(Recorded data)
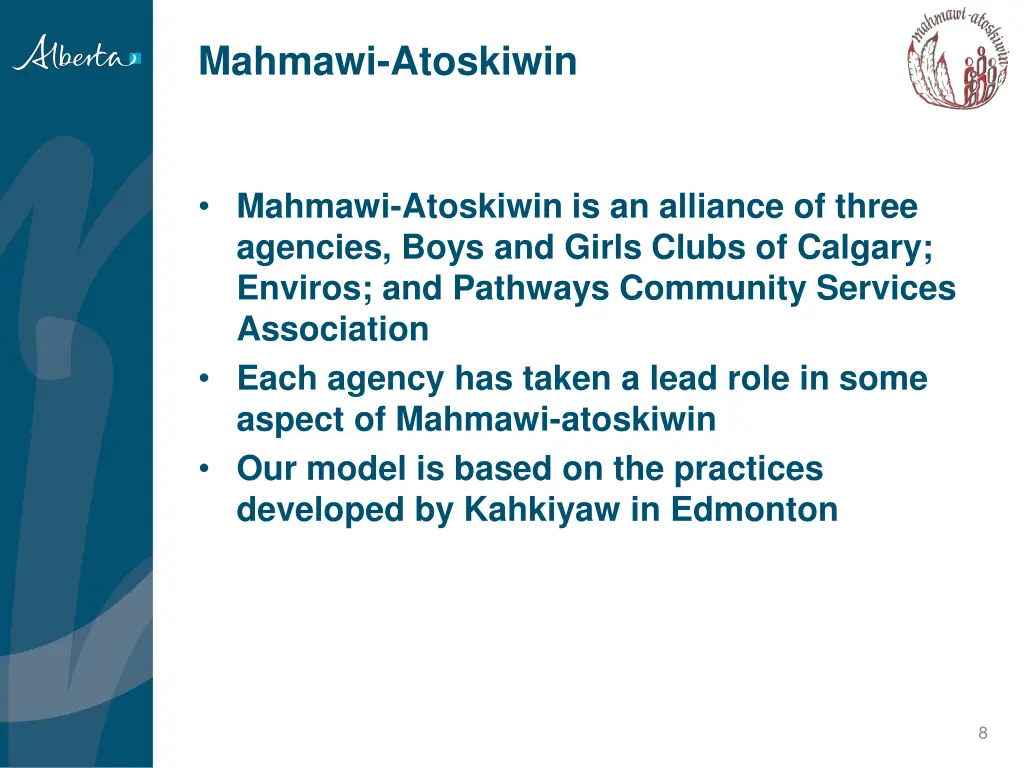 mahmawi atoskiwin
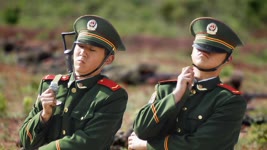 5 провала на китайските военни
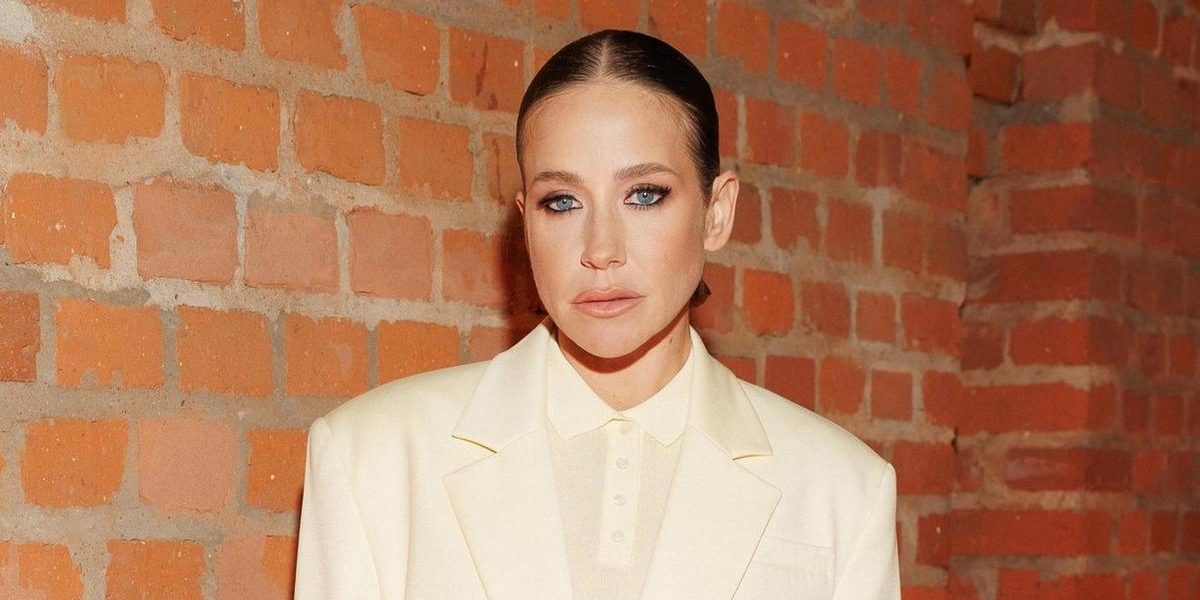 Юлия Барановская потратила 300 тысяч на полет к потоку Геминиды:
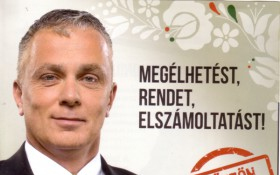 A Jobbik sikkasztás miatt tett feljelentést a Makói Kommunális Nonprofit KFT ellen 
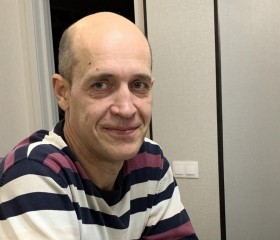 Николай, 48 лет, Саратов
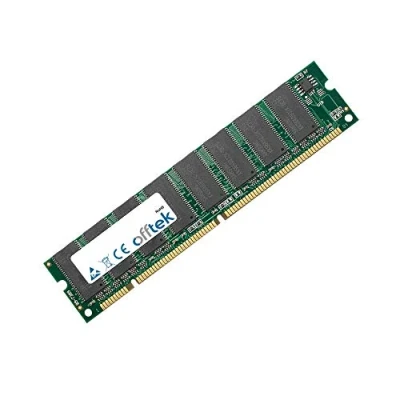 Abbildung von OFFTEK 128MB RAM Memory 168 Pin Dimm SDRAM 133Mhz 3.3V Unbuffered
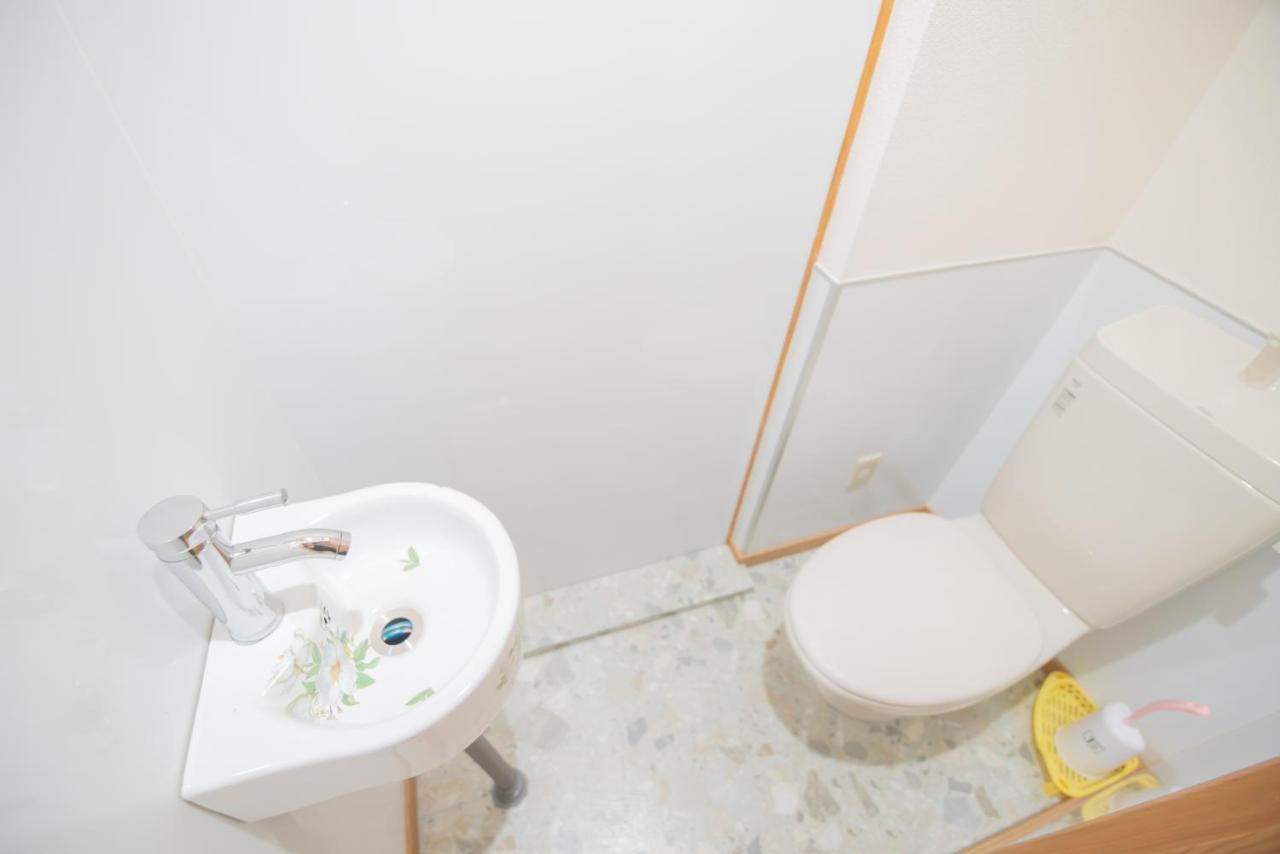 Higashinippori Hotel โตเกียว ภายนอก รูปภาพ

— What is required —
You are asked to reproduce each line above exactly, but to exclude the pictures.

— Reply to the task —
 mahmawi atoskiwin
 5 провала на китайските военни
 Юлия Барановская потратила 300 тысяч на полет к потоку Геминиды:
 A Jobbik sikkasztás miatt tett feljelentést a Makói Kommunális Nonprofit KFT ellen 
 Николай, 48 лет, Саратов
 Abbildung von OFFTEK 128MB RAM Memory 168 Pin Dimm SDRAM 133Mhz 3.3V Unbuffered
 Higashinippori Hotel โตเกียว ภายนอก รูปภาพ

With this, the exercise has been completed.